**What you are asked to do:**
Could every line below be written out exactly as it appears?

**Information given:**
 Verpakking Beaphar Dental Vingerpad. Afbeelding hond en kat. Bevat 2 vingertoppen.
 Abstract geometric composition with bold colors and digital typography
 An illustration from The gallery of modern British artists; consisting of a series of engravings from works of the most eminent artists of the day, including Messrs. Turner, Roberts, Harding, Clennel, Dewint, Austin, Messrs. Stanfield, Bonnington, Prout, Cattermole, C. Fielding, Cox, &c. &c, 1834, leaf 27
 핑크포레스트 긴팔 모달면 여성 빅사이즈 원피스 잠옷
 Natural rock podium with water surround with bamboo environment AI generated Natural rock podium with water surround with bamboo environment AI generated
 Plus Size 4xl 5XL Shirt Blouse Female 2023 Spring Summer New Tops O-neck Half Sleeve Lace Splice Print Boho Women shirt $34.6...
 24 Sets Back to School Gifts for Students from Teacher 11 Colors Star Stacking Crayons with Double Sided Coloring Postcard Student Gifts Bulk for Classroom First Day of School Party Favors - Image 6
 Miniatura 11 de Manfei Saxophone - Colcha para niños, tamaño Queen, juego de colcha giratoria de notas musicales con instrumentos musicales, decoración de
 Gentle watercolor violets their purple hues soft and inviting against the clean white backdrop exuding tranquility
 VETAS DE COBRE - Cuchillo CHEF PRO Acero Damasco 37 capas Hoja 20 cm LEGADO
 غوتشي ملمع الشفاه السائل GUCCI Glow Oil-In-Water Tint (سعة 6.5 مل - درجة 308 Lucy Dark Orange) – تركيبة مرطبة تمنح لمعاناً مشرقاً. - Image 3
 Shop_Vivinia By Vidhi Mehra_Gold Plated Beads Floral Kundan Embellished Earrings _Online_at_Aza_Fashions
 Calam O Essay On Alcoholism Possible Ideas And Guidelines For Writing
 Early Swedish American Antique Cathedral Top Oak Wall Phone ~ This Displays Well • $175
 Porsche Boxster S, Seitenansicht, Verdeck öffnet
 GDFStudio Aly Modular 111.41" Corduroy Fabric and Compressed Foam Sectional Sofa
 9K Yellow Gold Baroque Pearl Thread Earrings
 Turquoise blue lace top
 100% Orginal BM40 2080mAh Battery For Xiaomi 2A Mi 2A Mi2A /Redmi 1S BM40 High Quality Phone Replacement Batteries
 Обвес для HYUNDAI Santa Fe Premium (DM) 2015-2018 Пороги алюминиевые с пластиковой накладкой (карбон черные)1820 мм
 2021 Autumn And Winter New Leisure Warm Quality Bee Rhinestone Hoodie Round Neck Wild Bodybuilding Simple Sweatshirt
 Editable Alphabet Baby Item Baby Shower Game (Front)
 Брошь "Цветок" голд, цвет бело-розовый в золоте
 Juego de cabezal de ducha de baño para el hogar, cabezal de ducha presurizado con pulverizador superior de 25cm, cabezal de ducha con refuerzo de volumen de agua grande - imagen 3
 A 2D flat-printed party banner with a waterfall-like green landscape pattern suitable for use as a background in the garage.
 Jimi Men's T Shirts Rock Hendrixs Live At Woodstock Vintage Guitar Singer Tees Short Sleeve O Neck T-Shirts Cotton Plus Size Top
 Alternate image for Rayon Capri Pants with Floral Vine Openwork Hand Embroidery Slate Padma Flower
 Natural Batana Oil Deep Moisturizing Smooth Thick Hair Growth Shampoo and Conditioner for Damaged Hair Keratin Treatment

**Final answer:**
 Verpakking Beaphar Dental Vingerpad. Afbeelding hond en kat. Bevat 2 vingertoppen.
 Abstract geometric composition with bold colors and digital typography
 An illustration from The gallery of modern British artists; consisting of a series of engravings from works of the most eminent artists of the day, including Messrs. Turner, Roberts, Harding, Clennel, Dewint, Austin, Messrs. Stanfield, Bonnington, Prout, Cattermole, C. Fielding, Cox, &c. &c, 1834, leaf 27
 핑크포레스트 긴팔 모달면 여성 빅사이즈 원피스 잠옷
 Natural rock podium with water surround with bamboo environment AI generated Natural rock podium with water surround with bamboo environment AI generated
 Plus Size 4xl 5XL Shirt Blouse Female 2023 Spring Summer New Tops O-neck Half Sleeve Lace Splice Print Boho Women shirt $34.6...
 24 Sets Back to School Gifts for Students from Teacher 11 Colors Star Stacking Crayons with Double Sided Coloring Postcard Student Gifts Bulk for Classroom First Day of School Party Favors - Image 6
 Miniatura 11 de Manfei Saxophone - Colcha para niños, tamaño Queen, juego de colcha giratoria de notas musicales con instrumentos musicales, decoración de
 Gentle watercolor violets their purple hues soft and inviting against the clean white backdrop exuding tranquility
 VETAS DE COBRE - Cuchillo CHEF PRO Acero Damasco 37 capas Hoja 20 cm LEGADO
 غوتشي ملمع الشفاه السائل GUCCI Glow Oil-In-Water Tint (سعة 6.5 مل - درجة 308 Lucy Dark Orange) – تركيبة مرطبة تمنح لمعاناً مشرقاً. - Image 3
 Shop_Vivinia By Vidhi Mehra_Gold Plated Beads Floral Kundan Embellished Earrings _Online_at_Aza_Fashions
 Calam O Essay On Alcoholism Possible Ideas And Guidelines For Writing
 Early Swedish American Antique Cathedral Top Oak Wall Phone ~ This Displays Well • $175
 Porsche Boxster S, Seitenansicht, Verdeck öffnet
 GDFStudio Aly Modular 111.41" Corduroy Fabric and Compressed Foam Sectional Sofa
 9K Yellow Gold Baroque Pearl Thread Earrings
 Turquoise blue lace top
 100% Orginal BM40 2080mAh Battery For Xiaomi 2A Mi 2A Mi2A /Redmi 1S BM40 High Quality Phone Replacement Batteries
 Обвес для HYUNDAI Santa Fe Premium (DM) 2015-2018 Пороги алюминиевые с пластиковой накладкой (карбон черные)1820 мм
 2021 Autumn And Winter New Leisure Warm Quality Bee Rhinestone Hoodie Round Neck Wild Bodybuilding Simple Sweatshirt
 Editable Alphabet Baby Item Baby Shower Game (Front)
 Брошь "Цветок" голд, цвет бело-розовый в золоте
 Juego de cabezal de ducha de baño para el hogar, cabezal de ducha presurizado con pulverizador superior de 25cm, cabezal de ducha con refuerzo de volumen de agua grande - imagen 3
 A 2D flat-printed party banner with a waterfall-like green landscape pattern suitable for use as a background in the garage.
 Jimi Men's T Shirts Rock Hendrixs Live At Woodstock Vintage Guitar Singer Tees Short Sleeve O Neck T-Shirts Cotton Plus Size Top
 Alternate image for Rayon Capri Pants with Floral Vine Openwork Hand Embroidery Slate Padma Flower
 Natural Batana Oil Deep Moisturizing Smooth Thick Hair Growth Shampoo and Conditioner for Damaged Hair Keratin Treatment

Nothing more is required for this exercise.